- Task requirements -
Pictures are not part of the answer. Return the lines from the one containing "Classy Guest House" through the end of the data, both included, exactly as they appear.

Stored items from a collection:
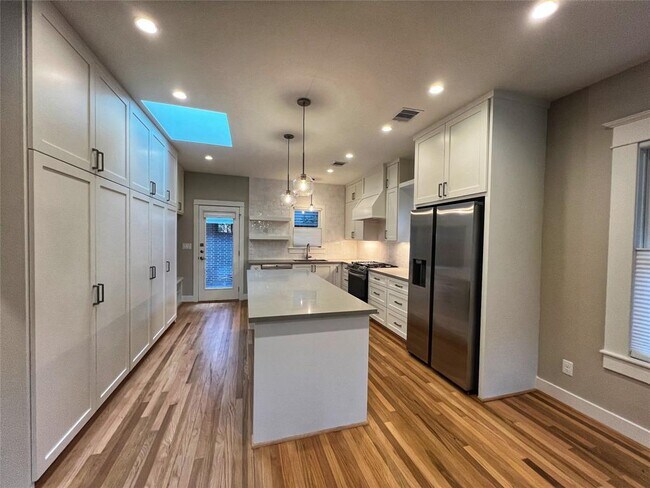 Foto del edificio - 1421 Branard St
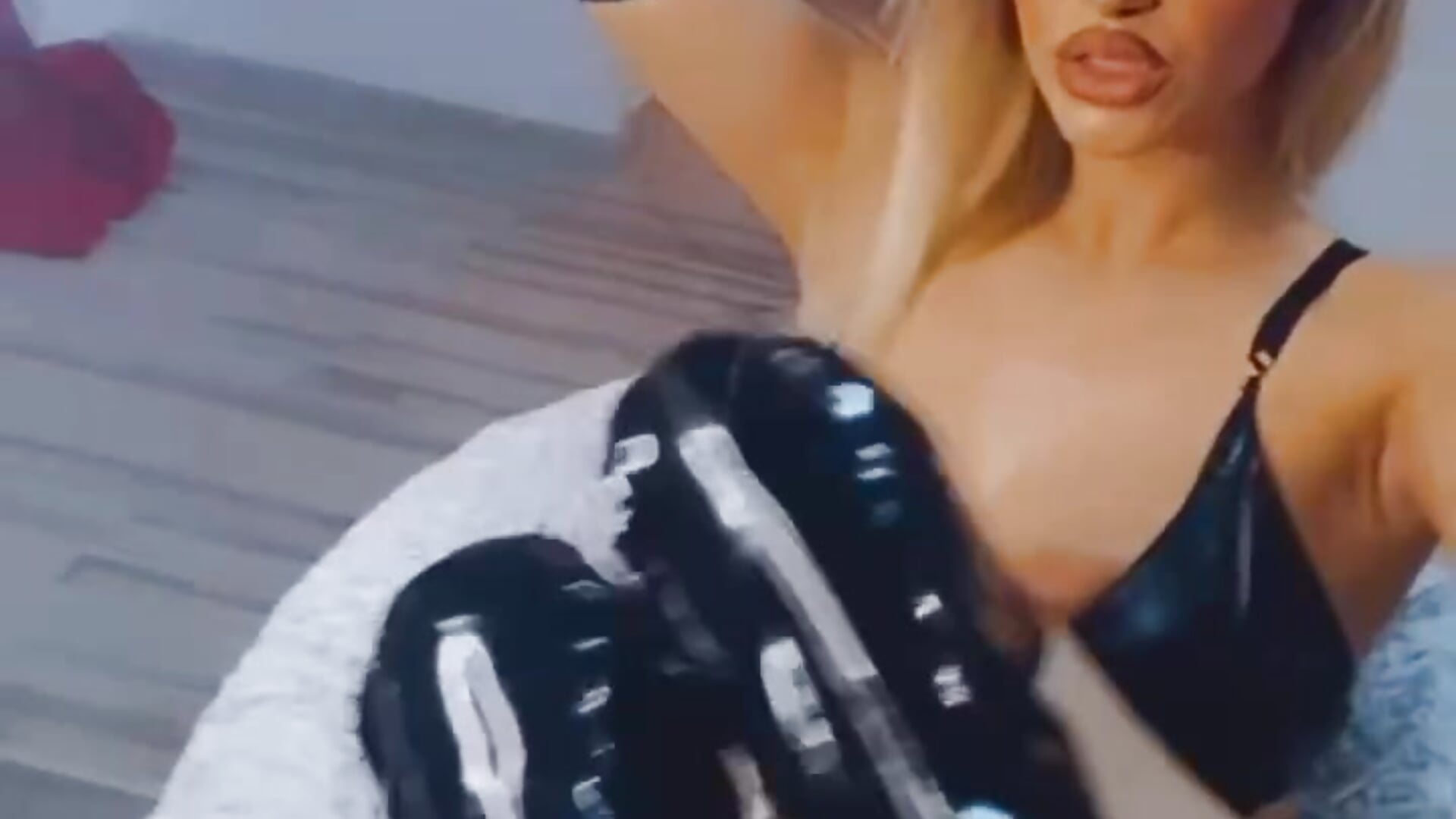 hot hot hot - відео від вебкаммоделі HarleyOuinn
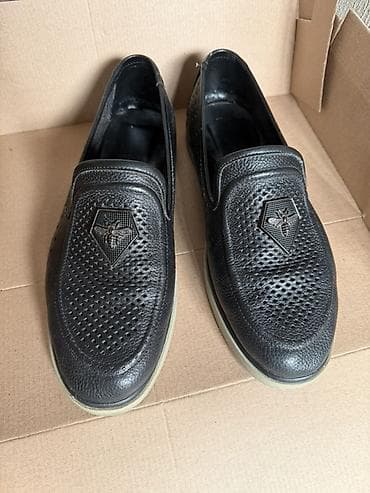 Məhsul: Kişi loafer ayaqqabısı - Rəng: qara - Ölçü: 41 (altlıqda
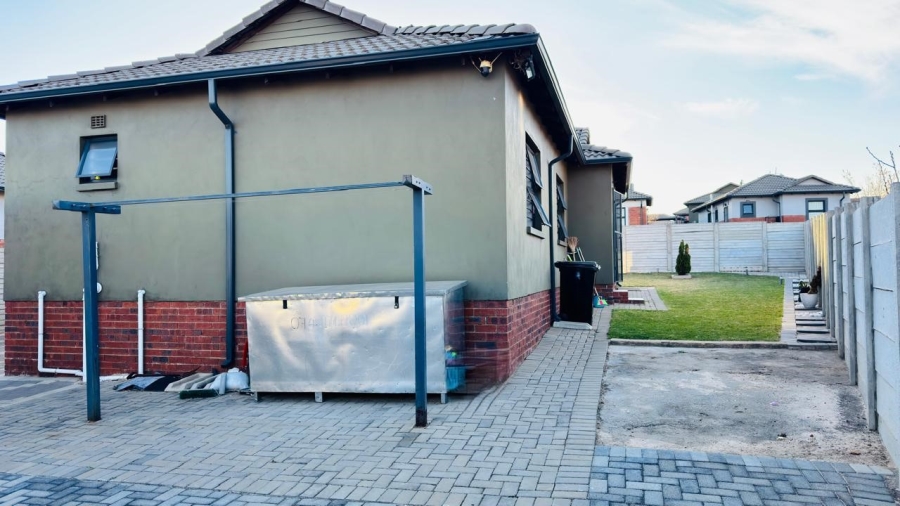 3 Bedroom Property for Sale in Mindalore Gauteng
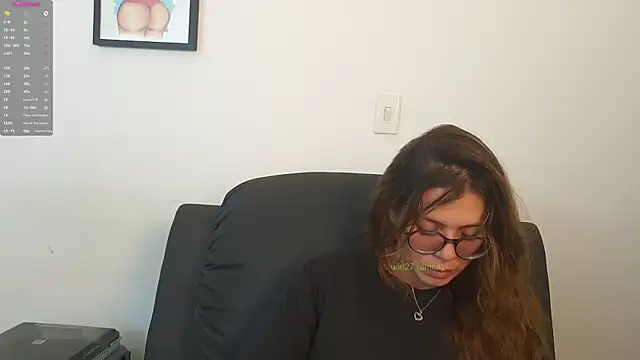 Snapshot of irinasweet27 chatting on 7, 3, 2025 irinasweet27 online show from 7, 3, 2025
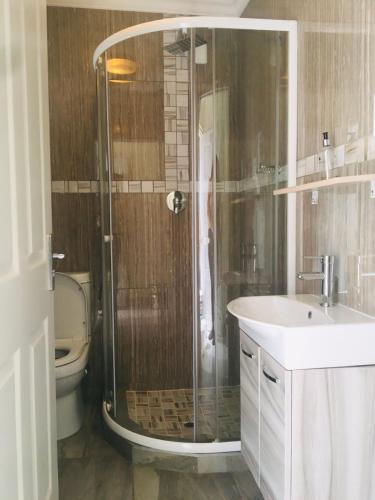 Classy Guest House Room Type - Standard Double Room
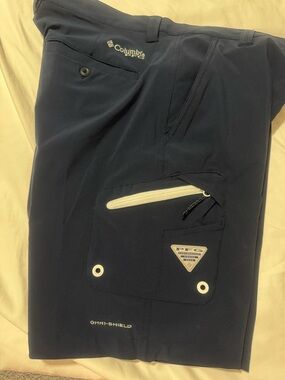 Columbia Men's Navy Omni-Shield Cargo Shorts with Zip Pocket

- Output of the exercise -
 Classy Guest House Room Type - Standard Double Room
 Columbia Men's Navy Omni-Shield Cargo Shorts with Zip Pocket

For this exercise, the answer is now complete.